Votre rapporteur général avait donc pensé initialement proposer un amendement étendant cette proposition à l'ensemble des mesures concernant les impositions de toute nature et les autres recettes de la sécurité sociale.

Toutefois, la commission des lois, saisie au fond du projet de loi constitutionnelle, a bien voulu s'inspirer de cette proposition tout en préférant retenir une entrée en vigueur conditionnée par l'approbation en loi de finances ou de financement plutôt qu'une caducité faute d'approbation en loi de finances ou de financement.

Ce choix répondant parfaitement aux objectifs recherchés par votre commission, celle-ci a adopté un amendement identique à celui de la commission saisie au fond subordonnant l'entrée en vigueur des dispositions relatives aux impositions de toute nature et aux autres recettes de la sécurité sociale à une approbation en loi de finances ou en loi de financement de la sécurité sociale .

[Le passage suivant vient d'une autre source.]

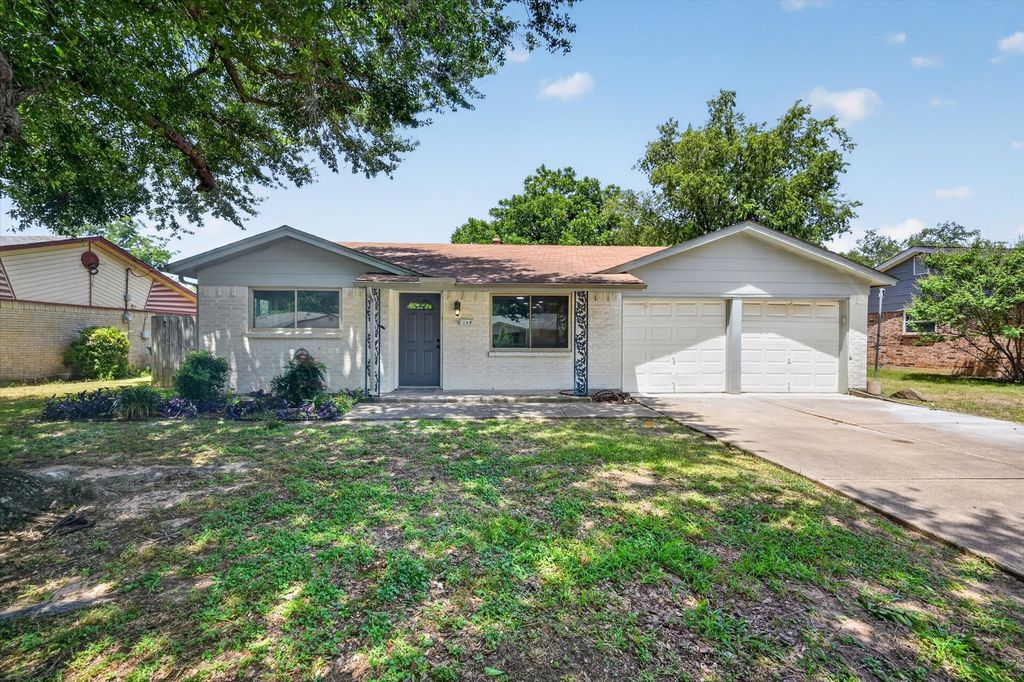 913 Russell Lane, Bedford, TX 76022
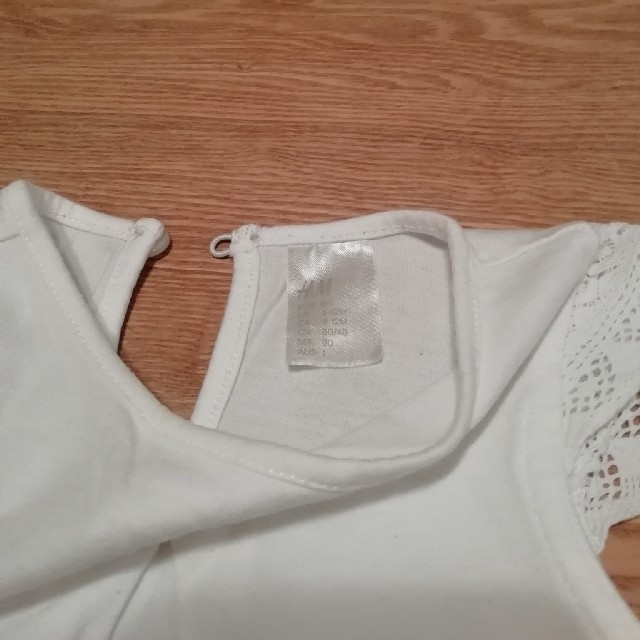 H&M(エイチアンドエム)のTシャツ　双子 キッズ/ベビー/マタニティのベビー服(~85cm)(Ｔシャツ)の商品写真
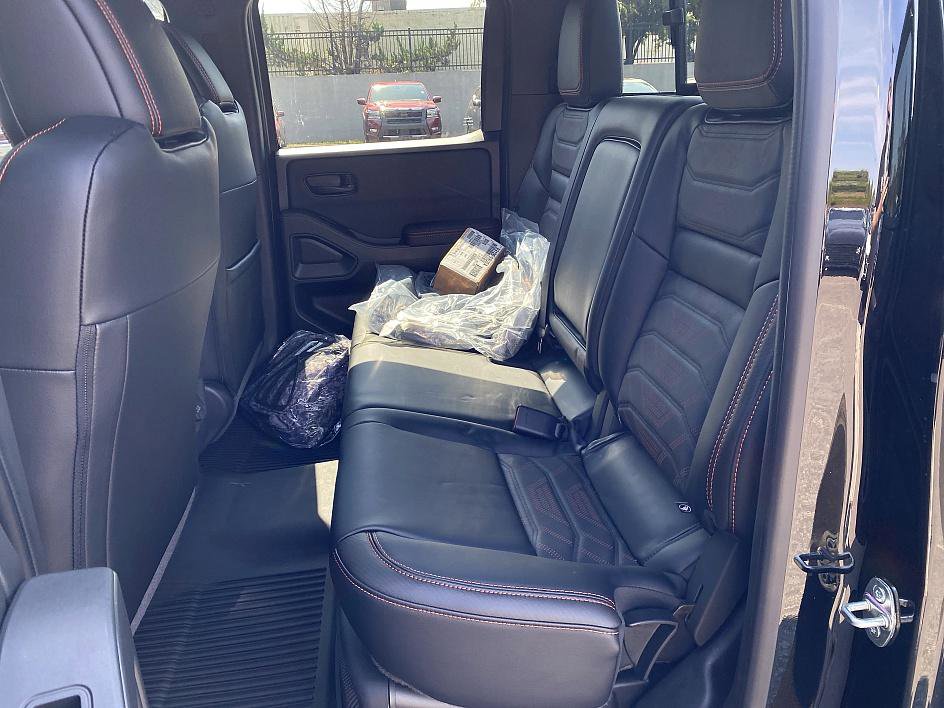 2026 Nissan Frontier Crew Cab PRO-4X photo 16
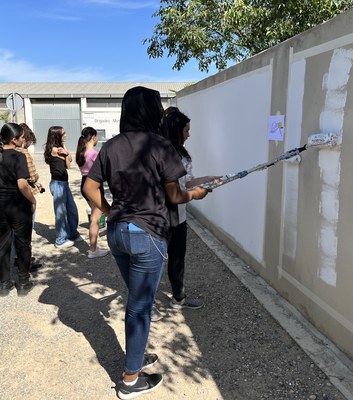 Nois i noies del col·legi El Carme i les instituts Maria Rúbies i Guindàvols han pres part de la proposta, amb muralistes de la cooperativa -REM..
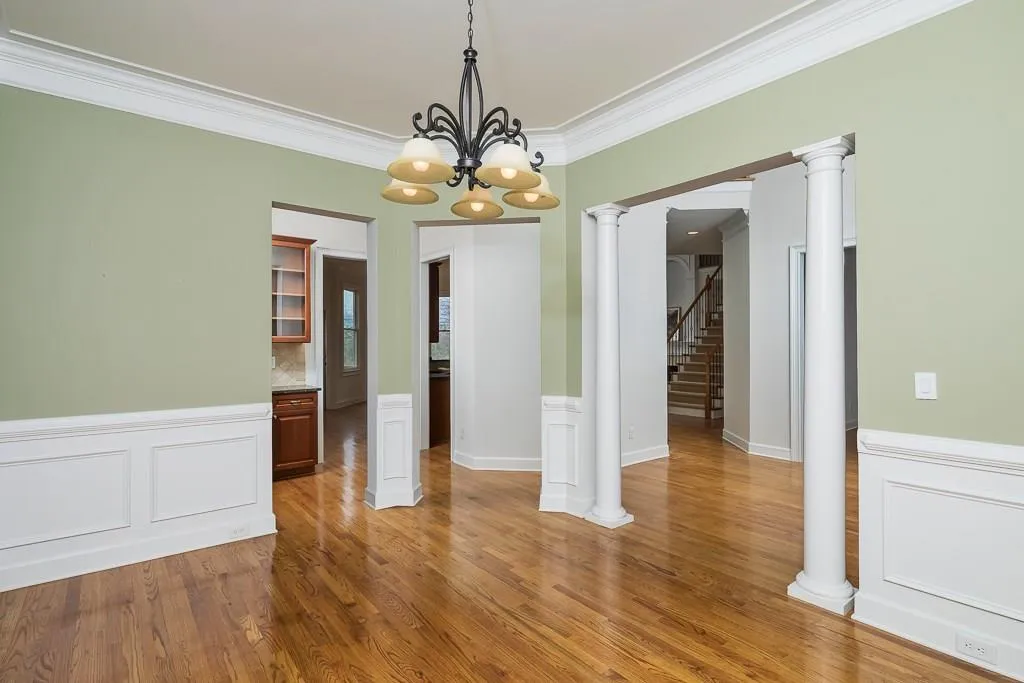 610 Trowbrook Court, Sandy Springs, Georgia 30350, 5 Bedrooms Bedrooms, ,4 BathroomsBathrooms,Residential,Sold,610 Trowbrook Court,5972248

Ainsi, il sera vérifié, dans le cadre de l'examen des lois financières, que les mesures votées en cours d'année ne remettent pas en cause les règles définies par les lois-cadres d'équilibre des finances publiques.

Un tel dispositif permet d'obtenir rigoureusement les mêmes résultats que le monopole des lois financières sans porter atteinte à l'initiative parlementaire et à la cohérence des travaux des assemblées.

L'argument opposé à cette proposition consiste à estimer qu'il serait particulièrement difficile de revenir sur des dispositions que le Parlement viendrait d'adopter. Sans doute cette objection serait-elle recevable dans l'hypothèse où les mesures ainsi adoptées entreraient en vigueur immédiatement car leur remise en cause quelques mois plus tard laisserait nécessairement un sentiment de profonde incohérence. Néanmoins, le dispositif proposé par votre rapporteur général permet de lever cette difficulté. Dès lors que les dispositions adoptées dans d'autres lois que les lois de finances ou de financement de la sécurité sociale ne pourront entrer en vigueur qu'une fois approuvées par une loi financière, chacun sera conscient que le vote d'une disposition fiscale ne suffira pas à la rendre applicable et que sa compatibilité avec la trajectoire de retour à l'équilibre des finances publiques devra être vérifiée à l'occasion d'un projet de loi de finances ou financement.

Par cohérence avec sa décision d'écarter le monopole des lois de finances et de financement de la sécurité sociale en matière d'impositions et de recettes de la sécurité sociale, votre commission a adopté des amendements de suppression des articles 2 bis et 9 bis , insérés dans le projet de loi par l'Assemblée nationale et tendant à prévoir une procédure d'irrecevabilité des propositions et amendements ne respectant pas le monopole, que le Gouvernement pourrait utiliser de manière discrétionnaire, tout en l'assortissant d'une obligation pour le Conseil constitutionnel d'annuler les dispositions qui porteraient atteinte au monopole.


* 2 Proposition de loi organique de Nicolas About, alors président de la commission et Alain Vasselle, rapporteur général, n° 51 (session ordinaire de 2007-2008) adoptée par le Sénat le 22 janvier 2008.